Strategic support of rural initiatives and infrastructure are needed primarily to address persistent poverty, especially among children. While many urban areas have bounced back from the latest recession, rural areas continue to struggle.

Investments must be as creative and varied as the root causes of the problem. Education, including workforce training, is a piece of the puzzle. Another is transportation, both in terms of individual needs and larger, regional and industrial concerns.

Economic development has, of course, long been a focus of rural advocates.

New investments undertaken by the USDA and Obama administration, such as the recently announced $10 billion offered by CoBank, part of the U.S. Farm Credit System, to launch a private investment fund targeting rural infrastructure needs, are a start.

State lawmakers also should consider increasing the paltry disbursement of casino tax revenues to the County Endowment Fund, which puts money directly into the hands of local foundations that best understand local opportunities and needs. They might also search for a more equitable distribution of those dollars that would better support counties that have greater opportunities or needs.

And more must be done to educate national grantmaking organizations that rural areas not only matter, but also can be unique and critical partners in solving today’s most urgent issues.

The Indian Creek Watershed Management Authority, which has leveraged state and federal money to develop a comprehensive management plan, is a local example. The cooperative agreement includes jurisdictions throughout a 93 square-mile area, all working to address a larger problem to their mutual advantage. Flooding, water quality and more will be addressed as part of the urban-rural cooperation. The solutions they develop will not only benefit the thousands of Iowans in the area, but may have a positive impact national environmental concerns too, like the dead zone in the Gulf of Mexico.

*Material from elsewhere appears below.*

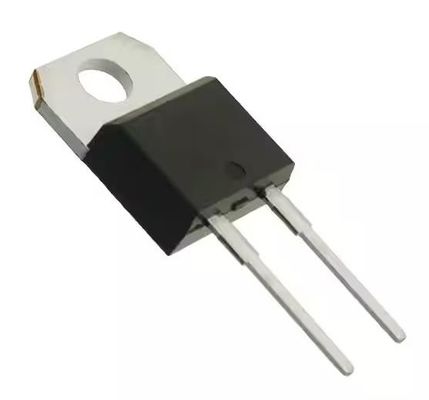 STTH8R04DI 電子部品 ダイオード 400V 8A 透孔TO-220AC ins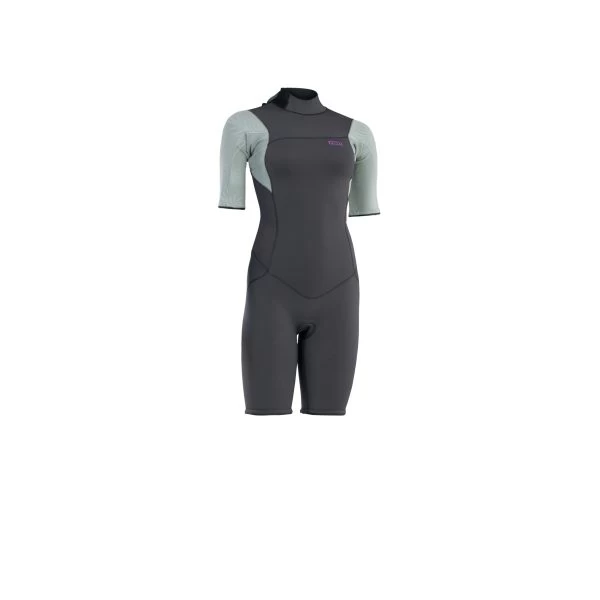 ION Amaze Core 2/2 Shorty Short Sleeve BZ Womens Wetsuit 3 ION Amaze Core 2/2 Shorty Short Sleeve BZ Womens Wetsuit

Iowa’s wind farms provide another compelling example of rural projects that can help achieve national goals — in this case, the reduction of carbon emissions by 16 percent by 2030. Since 2004, Iowa has seen about $10 billion invested in wind energy, a mix of private and public dollars. And, once the state has met its federal goal, Iowa wind power can be exported, increasing the chances that the entire nation will meet federal requirements.

The federal goals target air quality, important to us all. Using Iowa’s wind power can also help consumers keep power bills affordable.

There are more such examples and, with greater philanthropic investment in rural areas, many more possible solutions to be explored.

The message local non-profits need to spread, and national philanthropic groups must hear, is that our rural areas are keepers of opportunities with widespread positive potential. Let’s get to work.